◆ TASK ITEM
Please restate each line of the data that follows word for word, skipping any image.

◆ SOURCE MATERIAL
───

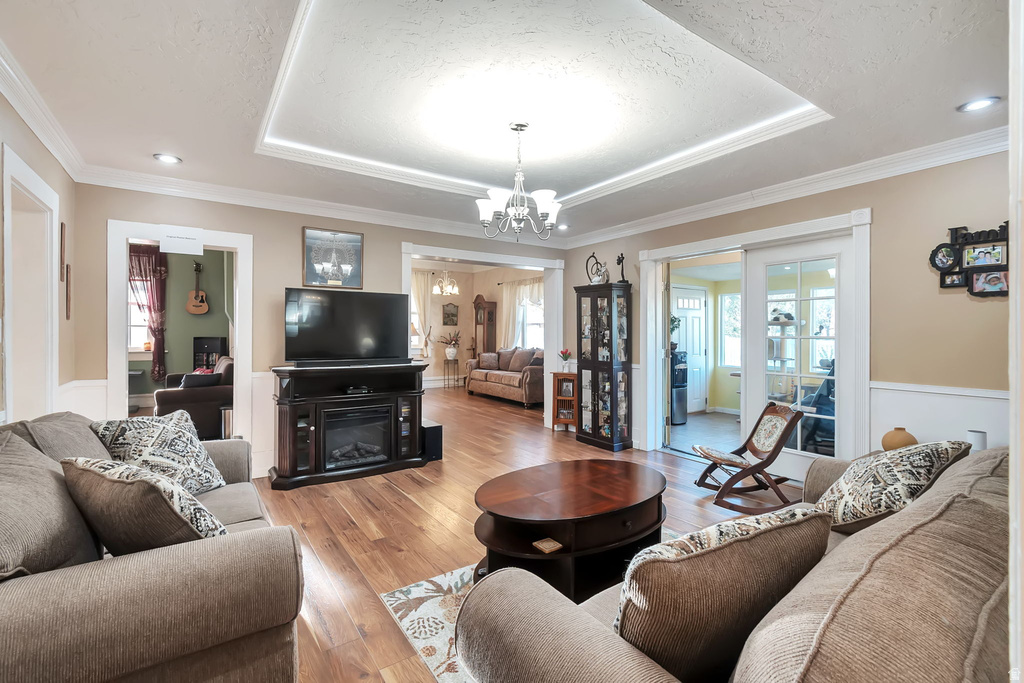 228 E UTAH AVE Payson, UT 84651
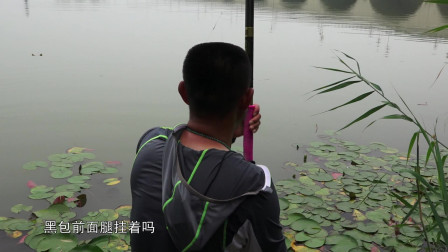 遛了好久终于把这条大鱼拉出水面了，个头够大没白遛啊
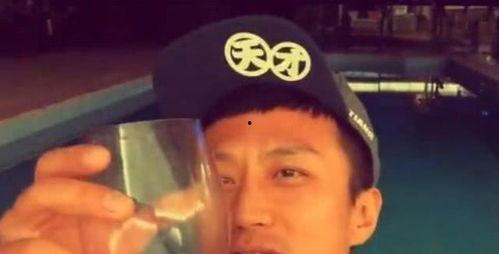 男明星酒量,酒量惊人！盘点娱乐圈男明星的豪饮风采
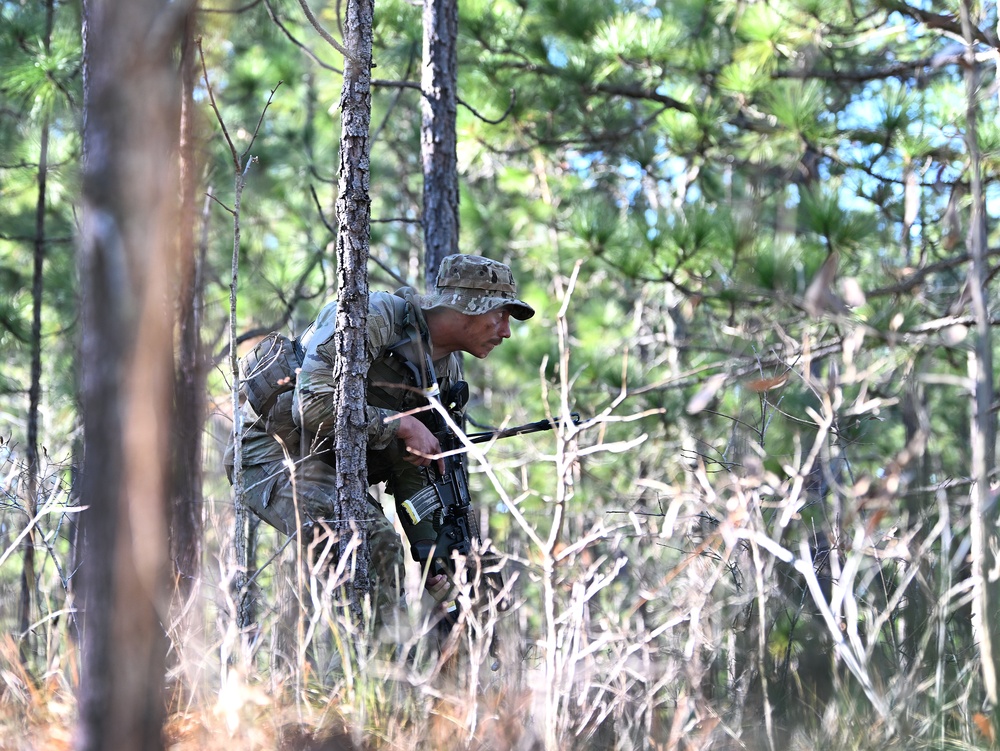 Students Participate In Reconnaissance Training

───

◆ ANSWER BOX
 228 E UTAH AVE Payson, UT 84651
 遛了好久终于把这条大鱼拉出水面了，个头够大没白遛啊
 男明星酒量,酒量惊人！盘点娱乐圈男明星的豪饮风采
 Students Participate In Reconnaissance Training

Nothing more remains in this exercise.